Knowledge and understanding
For a passing grade the student must

• know and understand the basics of field theory, electromagnetism, and the finite element method.

• be able to apply Maxwell’s equations to simple electrostatic, magnetostatic, and electrodynamic problems.

• be able to apply the finite element method to problems in electrostatics, magnetostatics and heat conduction

Skills and abilities
For a passing grade the student must

• know how to use basic vector analysis in Cartesian and curvilinear coordinate systems.

• be able to determine the electric and magnetic fields and forces in simple problems.

• be able to determine induced currents and voltages in simple cases.

• be able to treat plane electromagnetic waves mathematically.

• know how to make the transformation from strong to weak form.

• know how to establish the finite element formulation from the weak form.

• be able to write a finite element method program.

Judgement and approach
For a passing grade the student must

• have the ability to analyse and simulate physical problems, and to interpret and present the results.

• understand that technical and physical problems from different areas can be analysed and simulated with the same methods.

Contents
Basic field theory

• Physical phenomena that are describe by partial differential equations.

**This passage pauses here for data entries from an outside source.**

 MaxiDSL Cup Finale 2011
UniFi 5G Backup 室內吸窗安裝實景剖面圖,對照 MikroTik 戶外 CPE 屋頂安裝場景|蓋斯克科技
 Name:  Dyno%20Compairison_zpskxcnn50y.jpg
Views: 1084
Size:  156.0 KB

• Fundamental laws and constitutive relations.

• The nabla operator as an invariant vector operator.

• Gauss’s and Stoke’s theorems.

• The continuity equation and constitutive relations.

• Cylindrical and spherical coordinates.

• Applications to heat transfer.

• Electrostatic fields. The scalar electric potential. Coulomb’s law. Polarisation.

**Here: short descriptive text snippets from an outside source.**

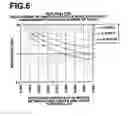 Fig. 07 - Multistep index optical fiber
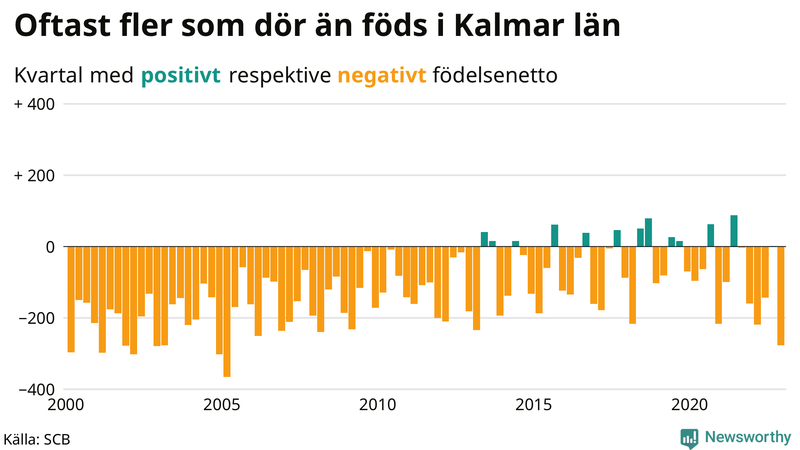 Nettofödelsetal #{InRegion} per kvartal sedan #{year(EarliestDataPoint)}
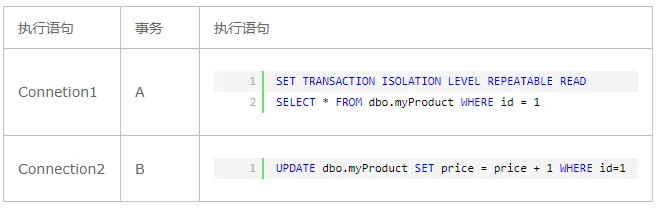 演示与总结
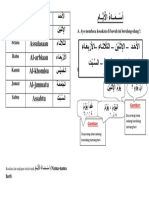 Al-ahadu دـَحَلأا Al-isnaei نْيَنْث ِلإا Assulasaau ءاـَث َلَُّثلا Al-arbiaau ءاـَعِب ْرَلأا Al-khomisu سْيِمَخلا Al-jumuatu ةـَعُمُجلا Assabtu تْبـَّسلا َي ُّيأ ْو م ؟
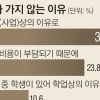 “돈 버느라” “돈 없어서” 절반은 바캉스 안 간다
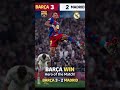 Barcanola won the El Clasico #elclasico2025 #barcalona #realmadrid #raphinha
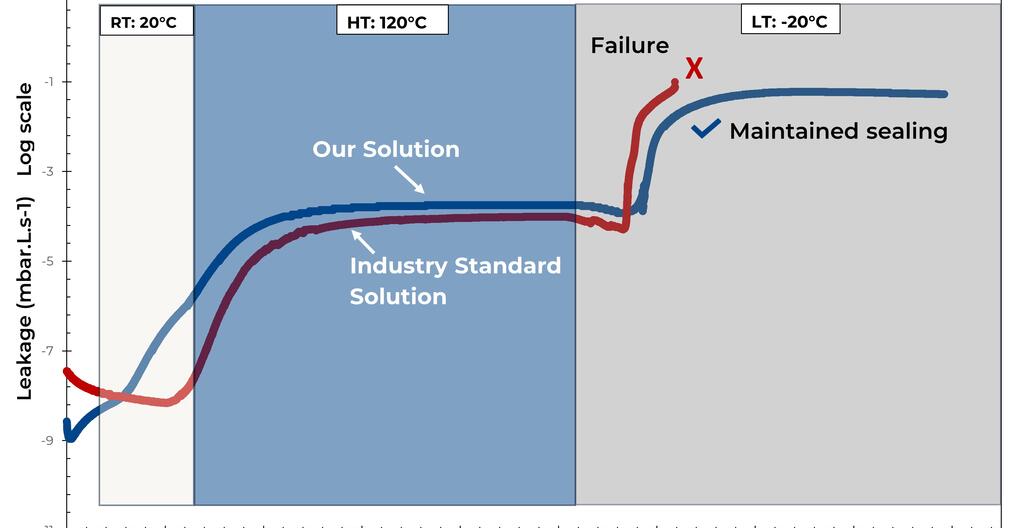 Electrolyzer Gasket Seal Leakage Chart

• Magnetostatic fields. Vector potential. Magnetisation.

• The induction law.

• Electromagnetic waves.

• The direct element method. Strong and weak formulation.

• Approximating functions. The weighted residual method. Galerkin’s method.

• Finite element formulation of heat transfer.

• Elastic bodies and their deformation. Isoparametric elements.

• Numerical integration.

Literature
Griffiths, D J: Introduction to Electrodynamics. Prentice Hall 1999. Ottosen, N and Petersson, H: Introduction to the Finite Element Method. Prentice Hall 1992. Olsson, K-G and Heyden, S: Introduction to the Finite Element methods-Problems. CALFEM-manual.

Code: 0105. Name: Elementary Field Theory, Electromagnetic Field Theory 1.
Higher education credits: 6. Grading scale: UG. Assessment: Written exam. Contents: Vector analysis, electrostatics, magnetostatics, induction, electromagnetic waves, antennas.

Code: 0205. Name: Electromagnetsic Field Theory 2, Finite Element Method.
Higher education credits: 6. Grading scale: UG. Assessment: Writen exam. Contents: Heat equation. Finite element method.

Code: 0305. Name: Discussion Exercises.
Higher education credits: 1,5. Grading scale: UG. Assessment: Oral and written presentation. Contents: The exercises are discussed in a group on sessions in the presence of teachers. The reports and preparations for the oral presentations are done as home work.

Code: 0405. Name: Project.
Higher education credits: 3. Grading scale: UG. Assessment: Written report. Contents: An applied problem in heat conduction or electromagnetic theory is solved by the finite element method.